Jabbar Kouchakinejad, a member of parliament’s budget and planning committee, said Iran has been unable to secure enough foreign exchange for key imports.
“Because of reduced oil income, we cannot provide the required foreign currency for basic goods,” he told ILNA news agency. He said allocations for essential imports fell from 18 billion dollars last year to about 11 billion dollars this year.
Kouchakinejad said much of Iran’s oil sold to China has not been converted into usable currency, while sanctions have forced Tehran to offer heavy discounts.
“Although the oil minister says sales are good, the revenue is not returning to the country,” he said, adding that this has led to import restrictions and shortages in several sectors.
Structural problems worsen fiscal gaps
Economists say the country’s chronic budget deficit, high inflation and weak productivity stem from a large, costly bureaucracy and overlapping agencies. They warn that without reform, Iran’s economy will remain vulnerable to external shocks and sanctions.

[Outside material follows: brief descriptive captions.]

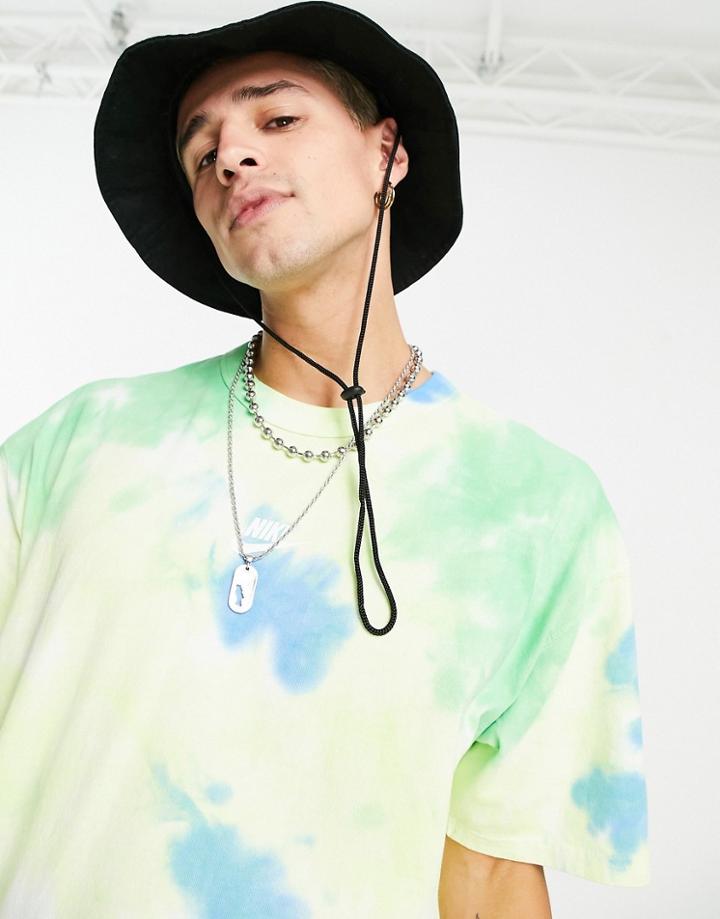 Nike Premium Essential Oversized Heavyweight Tie Dye T-shirt In Green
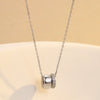 Fashion Versatile Round Zircon Pendant Stainless Steel Necklace With Electroplating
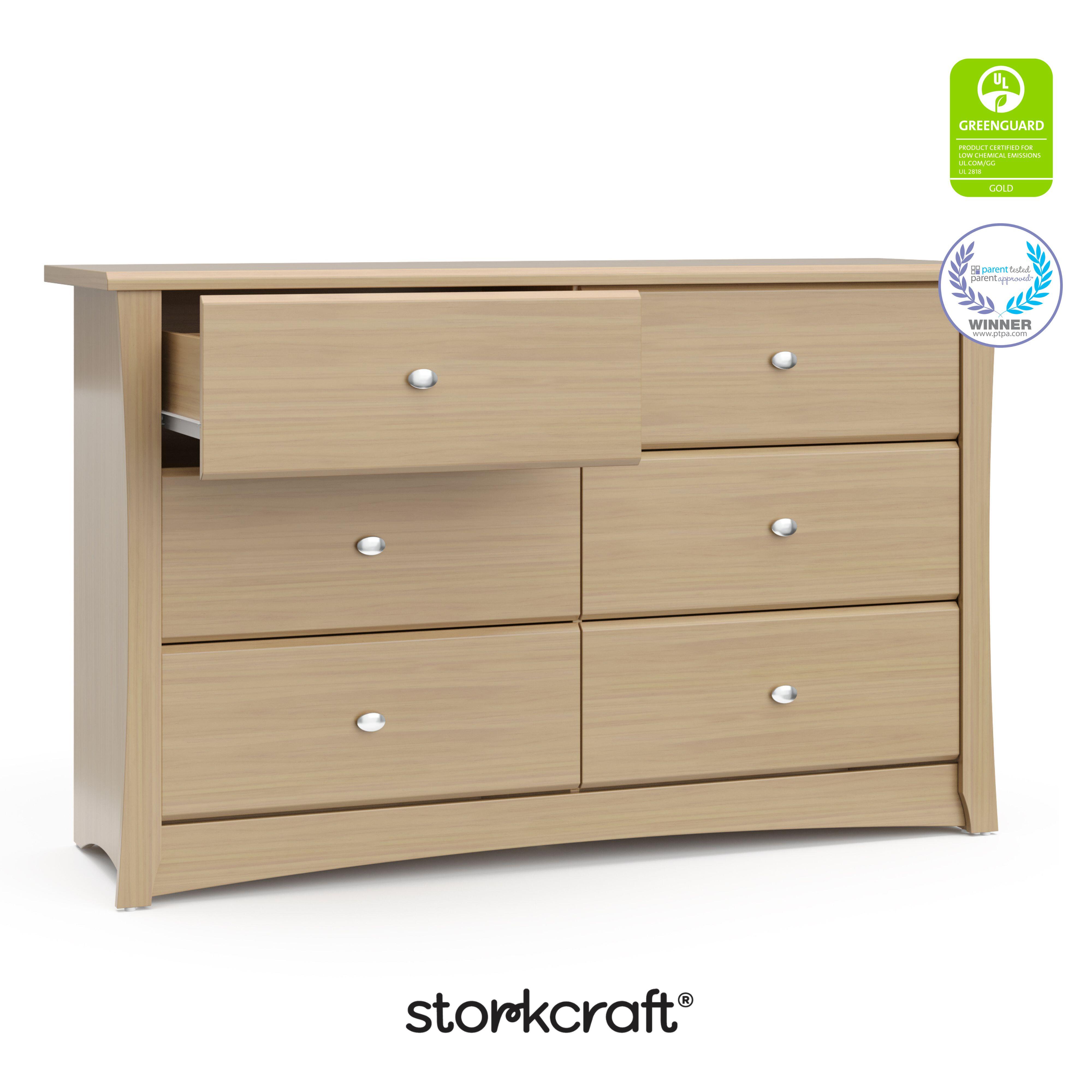 Storkcraft Crescent 6 Drawer Double Dresser, Driftwood, large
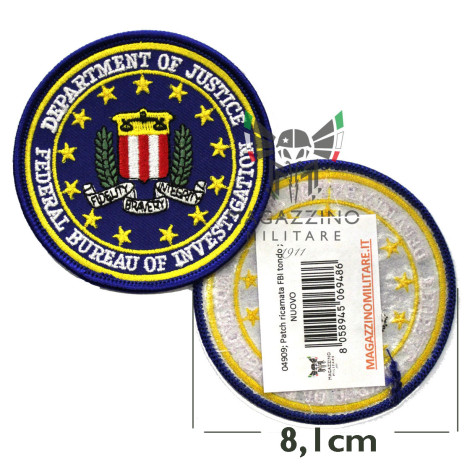 Iron-on embroidered patch FBI DEPARTMENT OF JUSTICE FEDERAL BUREAU OF INVESTIGATION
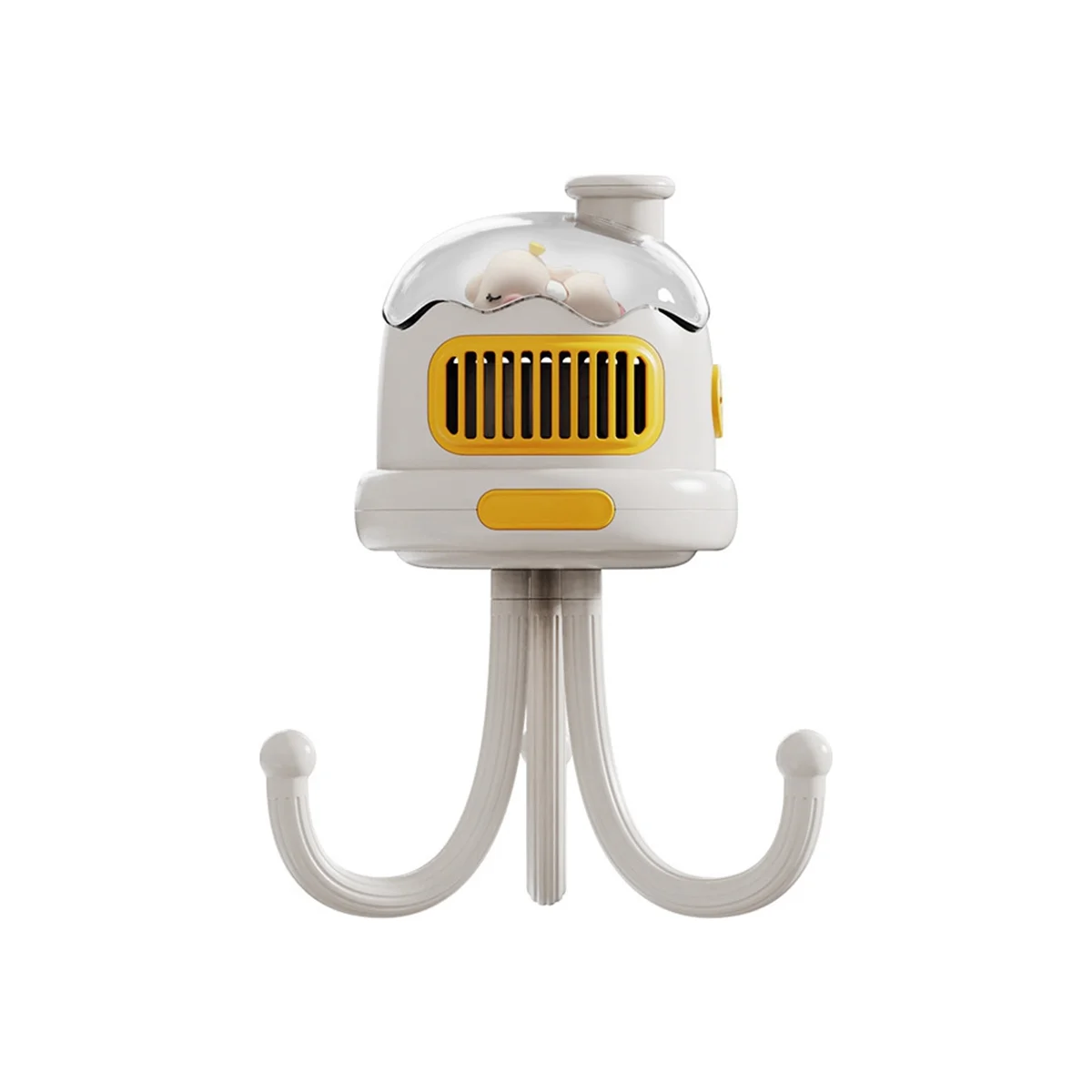 

Portable Stroller Fan USB Rechargeable Silent Outdoor Clip-on Kids Handheld Bladeless Fan(White)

Economist Mehdi Pazouki said the unchecked expansion of the administrative system has fueled inflation and wasted public resources. “Without discipline in spending, it will be very difficult to stabilize the economy,” he said.
Analysts warn of harder year ahead
Experts say Iran’s economic outlook may worsen next year when renewed UN sanctions triggered by European powers take full effect. Economist Morteza Afghah said growth targets of eight percent are unrealistic under current conditions, noting that “even without war and sanctions, such goals would be unattainable.”
Kouchakinejad said the monthly treasury reports confirm a decline in oil income, though the exact figures remain classified. “The fall in revenue has made it difficult to forecast foreign currency inflows and fund imports,” he said.